For me, it is fascinating to watch them both develop. In looking at
the issues you raised, I more or less accidentally looked at the
complete title of the book, which includes "murder, magic and madness
at the fair that changed America..." This is a telling of some of
that murder, madness and magic. My perspective is that murder,
madness and magic exist pretty much everywhere (some of the things
that are, for better or worse, part of the human condition), and this
is a microcosm of both. All three are affected by the environment,
and what a setting the author has found in the fair. Burnham
certainly has his flaws, and the development of the fair was riddled
with all-too-human flaws. That is part of what I found interesting
and what made it a good read for me. Your view may be more literal
than mine, but your comments have certainly been thought provoking.

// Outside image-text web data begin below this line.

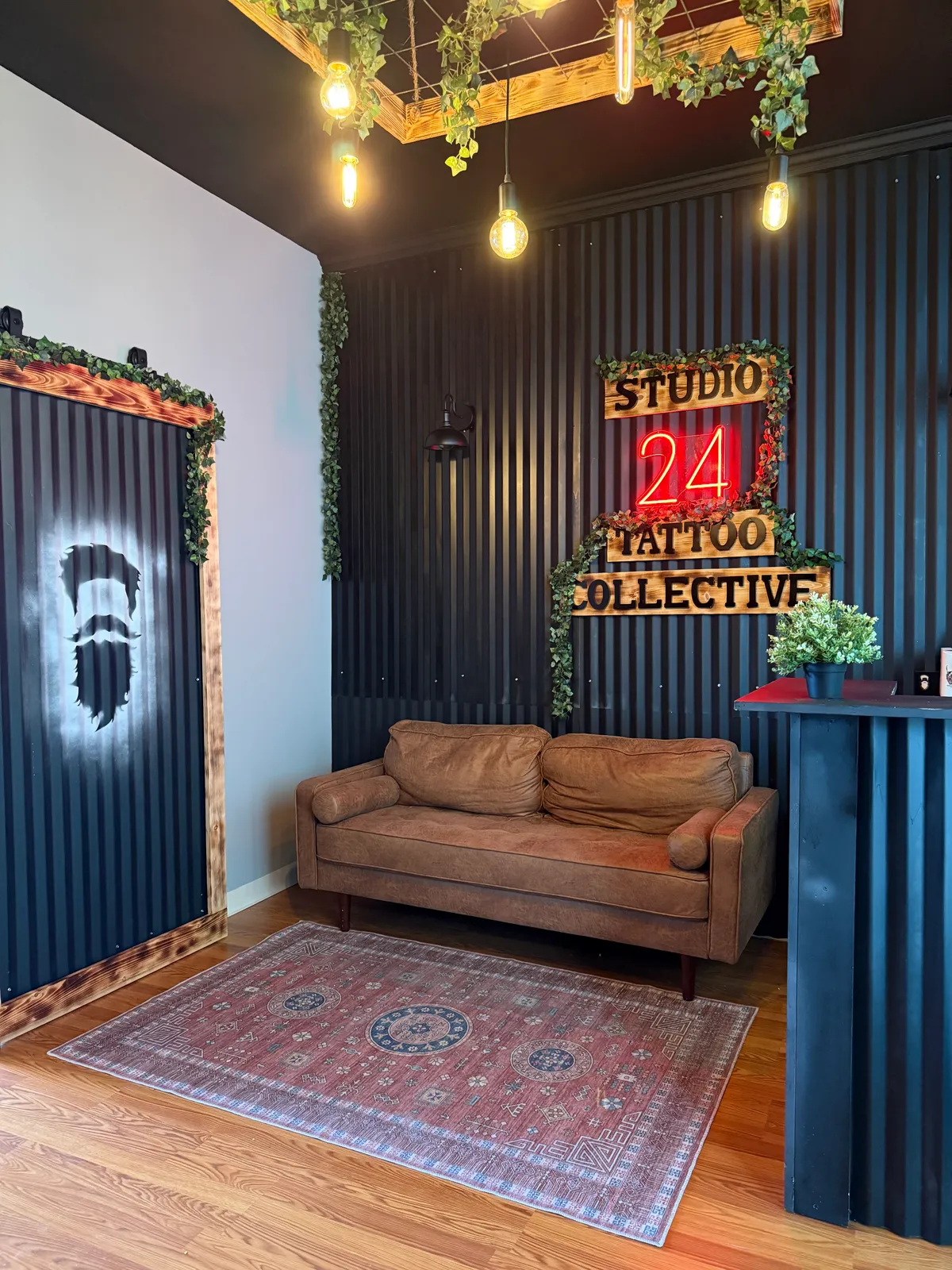 studio24tattoocollective ‧ Venue Ink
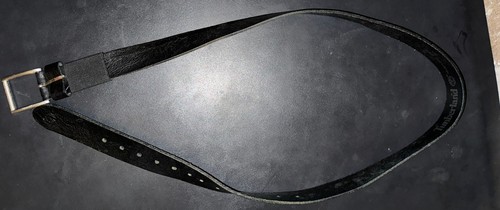 Timberland 40mm black - , leather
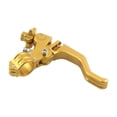thumbnail image 1 of BTOER Levier d'Embrayage Court pour Moto 22mm Poignée Pliante Levier de Frein, 1 of 8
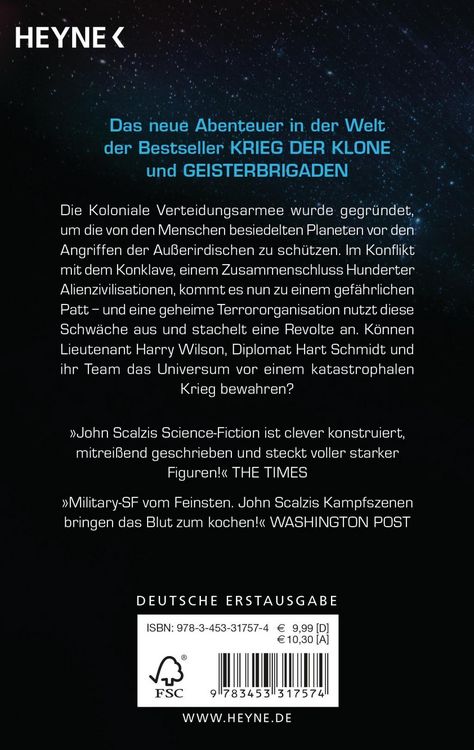 Produktbild: Galaktische Mission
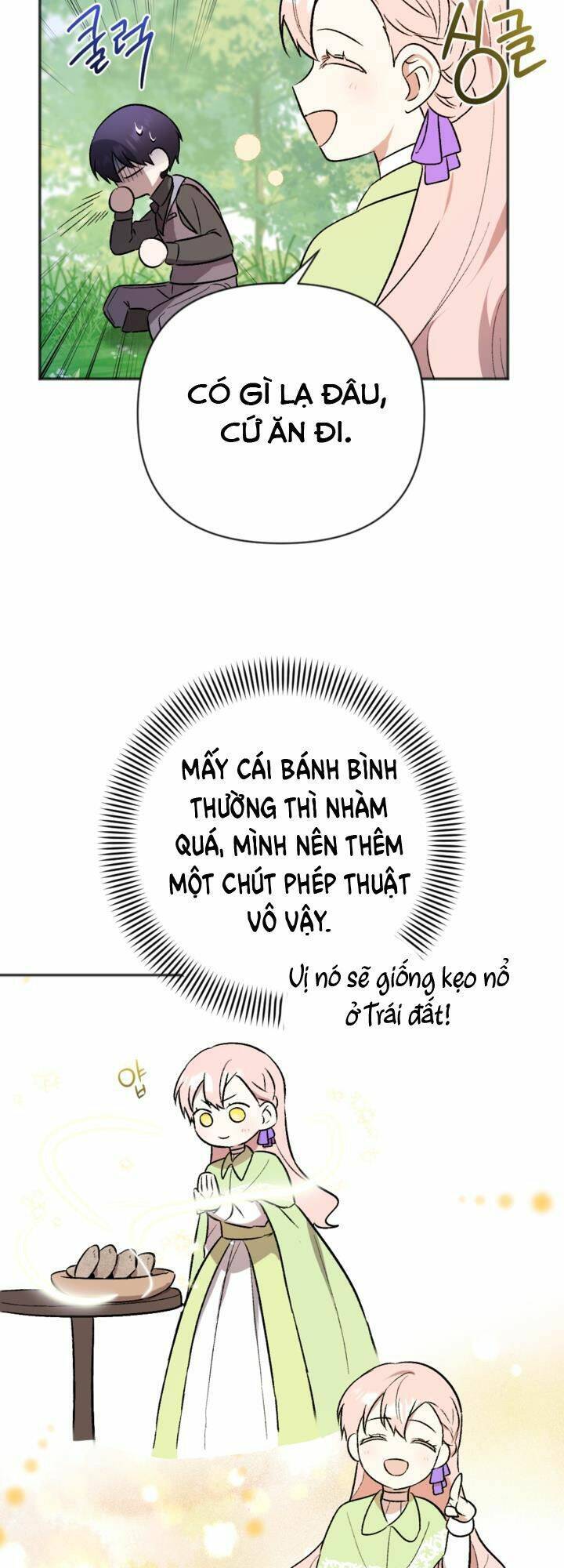 Cậu Ấy Thức Tỉnh Khi Tôi Đã Chết Chap 7 - Next Chap 8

I just wish Larson had a stronger editor. Yes, the title rambles across the
landscape as does the book. Yes, human flaws ripple through the results of the
fair's development. In order to cover the digression into the murder story, we
don't get coverage of some of the antecedent events that may have had
consequences in the development of the fair. For example we get briefly told in
the introductory elements of the book about a hotel that Burnham's company
designed which collapsed while still under construction. We are told the
collapse was investigated but then we are not told of the cause of the collapse
or of the result of the inquiry. Was there a design flaw? Was the construction
not properly supervised? Was there a failure to assess risk, a lack of
communication? Did whatever caused the failure have any relationship with
problems that arose in the fair project? I'm only about one third into the book;
being disappointed in it so far
as meant my attention has gone elsewhere. Perhaps Larson will return to this.
Where are the strong editors? Has there been a golden age of publishing and has
it come and gone?
Final post by Jeffrey:
Well, to be truthful, it is difficult for me to understand why we are being told
the two stories together. That was my first thought on the subject.
Rabeo's thesis raises a second possibility. In his view, if I am expressing it
correctly, this is not about the Chicago world's fair as much as it is about the
Holmes crimes. The fair aitches itself to the Holmes story as context. The
fair is a background story about the social conditions that allowed Holmes
concealment and provided him with victims. Limitations of police work, forensic
science, manpower in a city bent upon economic development and lack of concern
with the underclass, the lumpen proletariat as Marx saw it, made the scope of
his crimes possible. I was mislead by reviews into the mistaken belief that
Larson was more of a historian then a popular writer. Rabeo and Lauren may well
be correct, that the focus is upon Holmes. Bekah has found the locus of the
book to follow the direction of Compote's In Cold Blood. Sadly, I may have been
reading the book for the wrong reasons.